日本生命が基本給ではなく成果給を上げるのは人件費削減のため

日本生命保険は、平成28年4月より3年連続で賃上げを実施する方針を固めました。職種別に見ていくと、営業職員は保険契約の数に応じて支給する「成果給」を上げ、内勤の職員は「一時金」の支給額を増額する方向の模様です。

結果的に賃金アップになるものの、営業職員及び内勤職員ともに基本給の引き上げやベースアップ(ベア)について、同社は見送る方向のようです。

社員からすると成果給が上がろうが、基本給が上がろうがどちらにおいても賃金アップになりますので、何も関係のないような気がすると思いますが、専門的な点から考慮すると、両者にはとても大きな違いが生じます。

最も大きな違いは、社会保険の負担でしょう。これは、今回のニュースにおいて、いつの契約数を成果給に含めるのか記述されておりませんが、4月から6月までに支給されると仮定すると、10月からの社会保険料負担が大きくなる可能性が生じます。内勤職員に支給される一時金も同様です。
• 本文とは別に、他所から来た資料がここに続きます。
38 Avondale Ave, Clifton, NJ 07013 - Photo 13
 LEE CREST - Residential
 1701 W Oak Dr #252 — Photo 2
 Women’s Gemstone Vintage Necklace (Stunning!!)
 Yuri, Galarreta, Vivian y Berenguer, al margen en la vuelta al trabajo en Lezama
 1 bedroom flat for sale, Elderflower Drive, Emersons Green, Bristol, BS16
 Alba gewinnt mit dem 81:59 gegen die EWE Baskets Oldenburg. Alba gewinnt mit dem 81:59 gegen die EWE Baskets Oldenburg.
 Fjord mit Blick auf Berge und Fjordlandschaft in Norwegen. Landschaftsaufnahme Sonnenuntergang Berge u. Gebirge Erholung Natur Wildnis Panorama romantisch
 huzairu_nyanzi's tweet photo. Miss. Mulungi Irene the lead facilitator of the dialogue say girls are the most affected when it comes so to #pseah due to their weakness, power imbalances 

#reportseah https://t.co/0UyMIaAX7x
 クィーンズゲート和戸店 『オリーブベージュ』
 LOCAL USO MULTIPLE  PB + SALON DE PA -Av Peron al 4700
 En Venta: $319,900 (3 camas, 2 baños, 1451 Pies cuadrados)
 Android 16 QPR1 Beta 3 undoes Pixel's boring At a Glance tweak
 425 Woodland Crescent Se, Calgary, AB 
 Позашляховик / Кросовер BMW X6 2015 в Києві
2つ目の違いとしては、成果給は変動給与でありますから仮に翌年度の成績が悪化した場合、ベースアップに比べて会社は給与を多く支払わなくてもよい結果に繋がります。成果給が上がることは、営業職員にとって確かにモチベーションが上がるといった効果は期待される一方で、給与が安定しないといったデメリットがあります。

会社にとって営利を求めるのは当然のことですが、結果を残さなければ金はやらないといった方針がとても明るみになったニュースだと感じます。

(以下は日経新聞からの一部抜粋)

日生、3年連続賃上げ 基本給・ベアは見送り

 日本生命保険は今年4月に3年連続で賃上げを実施する方針だ。営業職員は契約数に応じて受け取る成果給を上げる。内勤の職員は一時金を増額する。営業職員、内勤職員ともに基本給の引き上げやベースアップ(ベア)は見送る方向だ。

 同社の営業職員は約5万2千人、本店や全国の支社で働く内勤の職員は約1万8千人。具体的な引き上げ幅は今後の労使交渉で決める。

 営業職員の給与は毎月受け取る「基本給」と契約数に応じて上乗せされる「成果給」からなる。成果給引き上げで多くの契約を獲得するほど上げ幅が大きくなるようにし、契約数の底上げにもつなげる。